The Biot coupling is a cross-field mass term

-alpha*pb*trace(ev) feeds pressure into the solid balance; the fluid balance is fed back by the rate of volume change alpha*(div u)_t. Written naively that needs a mixed space–time derivative, so it is integrated by parts in space to -alpha*(u_t . grad q) — only first-order derivatives, and it lands in the mass matrix as a cross-field (p–u) block, which is the Biot coupling:

u, phi = d.fem_symbols(value_shape=(2,), names=("u", "phi"), order=2)   # displacement (P2)
p, q   = d.fem_symbols(names=("p", "q"), order=1)                       # pore pressure (P1)
eu, ev = symgrad(u, [xi, yi]), symgrad(phi, [xi, yi])

solid = lam*trace(eu)*trace(ev) + 2*mu*inner(eu, ev, n_contract=2) - alpha*pb*trace(ev)
fluid = S*pb.t*qb - alpha*(ub.t[0]*qb.x + ub.t[1]*qb.y) + kappa*(pb.x*qb.x + pb.y*qb.y)
fem   = jno.fem([solid, fluid, traction, p(xt,yt) - 0.0, u(xbo,ybo)[1] - 0.0, u(xl,yl)[0] - 0.0, ...])

The boundary conditions make it a 1-D consolidation test: drained top (p = 0) under a load, an impermeable roller base, and confined (roller) sides.

Linear ⇒ factor once; the load lives in the forcing vector

The system is linear with a constant operator, so factor M + dt·A once and back-substitute each step.

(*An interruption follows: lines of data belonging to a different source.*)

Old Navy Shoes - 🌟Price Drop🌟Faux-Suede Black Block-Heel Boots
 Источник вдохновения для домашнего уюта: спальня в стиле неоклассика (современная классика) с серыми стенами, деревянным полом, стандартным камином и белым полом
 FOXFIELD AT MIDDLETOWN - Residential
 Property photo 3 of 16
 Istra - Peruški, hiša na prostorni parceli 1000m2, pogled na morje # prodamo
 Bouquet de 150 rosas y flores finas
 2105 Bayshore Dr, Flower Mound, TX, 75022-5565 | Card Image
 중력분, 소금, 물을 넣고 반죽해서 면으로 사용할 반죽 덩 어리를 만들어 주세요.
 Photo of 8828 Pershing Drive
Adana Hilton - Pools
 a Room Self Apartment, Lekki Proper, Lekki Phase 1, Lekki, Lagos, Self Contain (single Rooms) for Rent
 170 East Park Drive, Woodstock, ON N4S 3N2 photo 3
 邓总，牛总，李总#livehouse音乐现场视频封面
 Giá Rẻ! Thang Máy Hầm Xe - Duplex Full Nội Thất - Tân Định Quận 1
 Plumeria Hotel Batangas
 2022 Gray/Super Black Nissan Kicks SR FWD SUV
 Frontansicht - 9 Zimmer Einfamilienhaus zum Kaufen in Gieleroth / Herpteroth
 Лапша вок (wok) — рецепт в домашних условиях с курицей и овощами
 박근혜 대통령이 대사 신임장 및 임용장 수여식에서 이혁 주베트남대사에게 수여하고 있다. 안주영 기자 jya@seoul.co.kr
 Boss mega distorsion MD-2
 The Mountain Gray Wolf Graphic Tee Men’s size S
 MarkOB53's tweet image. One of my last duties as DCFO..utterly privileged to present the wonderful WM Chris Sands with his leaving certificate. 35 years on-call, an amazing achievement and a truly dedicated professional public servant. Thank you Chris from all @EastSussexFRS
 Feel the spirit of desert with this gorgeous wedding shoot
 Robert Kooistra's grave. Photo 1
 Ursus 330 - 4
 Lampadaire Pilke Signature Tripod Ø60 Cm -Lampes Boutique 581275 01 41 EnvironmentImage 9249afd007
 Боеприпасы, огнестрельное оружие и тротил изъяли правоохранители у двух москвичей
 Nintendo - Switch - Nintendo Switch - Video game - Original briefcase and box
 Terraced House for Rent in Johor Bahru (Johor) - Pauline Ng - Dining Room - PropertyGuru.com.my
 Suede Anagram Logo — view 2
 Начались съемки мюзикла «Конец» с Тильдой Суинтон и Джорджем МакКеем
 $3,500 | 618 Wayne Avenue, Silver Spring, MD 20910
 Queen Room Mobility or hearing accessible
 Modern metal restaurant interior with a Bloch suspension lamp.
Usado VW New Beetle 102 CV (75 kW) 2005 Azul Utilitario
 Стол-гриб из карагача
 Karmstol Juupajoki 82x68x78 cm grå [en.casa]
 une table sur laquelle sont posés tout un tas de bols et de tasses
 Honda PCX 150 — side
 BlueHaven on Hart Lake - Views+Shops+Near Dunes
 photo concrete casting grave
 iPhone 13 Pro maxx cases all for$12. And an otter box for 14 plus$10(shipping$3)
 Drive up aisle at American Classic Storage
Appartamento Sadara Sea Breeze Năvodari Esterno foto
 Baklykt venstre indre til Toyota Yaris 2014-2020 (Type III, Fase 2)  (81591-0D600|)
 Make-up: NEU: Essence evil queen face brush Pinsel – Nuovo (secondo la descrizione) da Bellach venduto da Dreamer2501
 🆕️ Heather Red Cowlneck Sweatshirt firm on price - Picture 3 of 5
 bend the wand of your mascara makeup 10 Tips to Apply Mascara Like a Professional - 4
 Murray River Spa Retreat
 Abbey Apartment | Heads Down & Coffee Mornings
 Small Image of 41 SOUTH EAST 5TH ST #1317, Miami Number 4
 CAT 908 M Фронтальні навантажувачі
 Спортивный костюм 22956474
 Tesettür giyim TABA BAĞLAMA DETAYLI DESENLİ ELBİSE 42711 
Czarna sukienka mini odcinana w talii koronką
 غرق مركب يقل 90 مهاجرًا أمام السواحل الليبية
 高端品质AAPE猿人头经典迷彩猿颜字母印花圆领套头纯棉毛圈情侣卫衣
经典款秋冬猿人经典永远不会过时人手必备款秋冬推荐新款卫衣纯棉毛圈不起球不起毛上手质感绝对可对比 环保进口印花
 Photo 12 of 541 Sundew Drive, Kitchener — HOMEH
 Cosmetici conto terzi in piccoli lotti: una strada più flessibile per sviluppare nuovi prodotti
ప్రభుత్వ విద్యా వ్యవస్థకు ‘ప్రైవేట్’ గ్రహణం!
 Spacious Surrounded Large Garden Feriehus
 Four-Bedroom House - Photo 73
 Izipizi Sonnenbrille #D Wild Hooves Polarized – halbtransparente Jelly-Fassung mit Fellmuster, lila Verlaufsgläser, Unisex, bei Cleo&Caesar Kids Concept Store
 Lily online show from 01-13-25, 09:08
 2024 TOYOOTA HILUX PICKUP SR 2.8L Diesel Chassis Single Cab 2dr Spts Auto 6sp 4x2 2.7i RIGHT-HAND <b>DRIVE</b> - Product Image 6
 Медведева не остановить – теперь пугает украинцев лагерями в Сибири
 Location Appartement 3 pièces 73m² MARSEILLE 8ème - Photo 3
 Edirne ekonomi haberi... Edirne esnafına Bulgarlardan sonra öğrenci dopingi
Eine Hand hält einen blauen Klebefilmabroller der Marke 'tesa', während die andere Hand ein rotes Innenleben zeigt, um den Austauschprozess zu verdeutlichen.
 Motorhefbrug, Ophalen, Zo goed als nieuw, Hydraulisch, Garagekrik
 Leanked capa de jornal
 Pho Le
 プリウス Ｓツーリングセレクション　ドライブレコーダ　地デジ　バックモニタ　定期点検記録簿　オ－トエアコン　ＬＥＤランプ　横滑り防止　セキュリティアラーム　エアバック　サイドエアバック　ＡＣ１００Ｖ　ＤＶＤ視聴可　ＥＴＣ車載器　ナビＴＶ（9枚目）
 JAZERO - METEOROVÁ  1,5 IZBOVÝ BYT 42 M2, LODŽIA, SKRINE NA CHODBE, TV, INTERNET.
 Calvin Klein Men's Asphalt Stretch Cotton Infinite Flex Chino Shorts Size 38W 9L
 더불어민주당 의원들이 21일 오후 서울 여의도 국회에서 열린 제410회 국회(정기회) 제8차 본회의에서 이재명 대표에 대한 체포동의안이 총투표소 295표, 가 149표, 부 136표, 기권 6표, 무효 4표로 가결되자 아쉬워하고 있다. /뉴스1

The constant top load comes from fem.operator.forcing_vector_fn (a transient problem keeps its load there, not in the weak-form residual):

M, A = _csc(fem.M), _csc(fem.operator.A)
b    = fem.operator.forcing_vector_fn(0.0, {})       # constant top-load vector
lu   = splu((M + dt*A).tocsc())                      # factor ONCE
for step in range(nsteps):
    w = lu.solve(M @ w + dt*b)                        # back-substitute

Validated against Terzaghi to ~0.5 %

The computed pressure isochrones fall right on the classic Terzaghi curves at every dimensionless time \(T_v = c_v t / H^2\), and the degree of consolidation \(U(T_v)\) matches the analytic series to within 0.5 % (right panel above). The excess pressure dissipates monotonically and the column keeps settling as the water drains — exactly the consolidation story. The animation shows the computed pore pressure on the computed (settling) mesh; nothing is painted in.

References: K. von Terzaghi, Erdbaumechanik (1925) — 1-D consolidation; M. A. Biot, J. Appl. Phys. 12:155 (1941) — three-dimensional consolidation.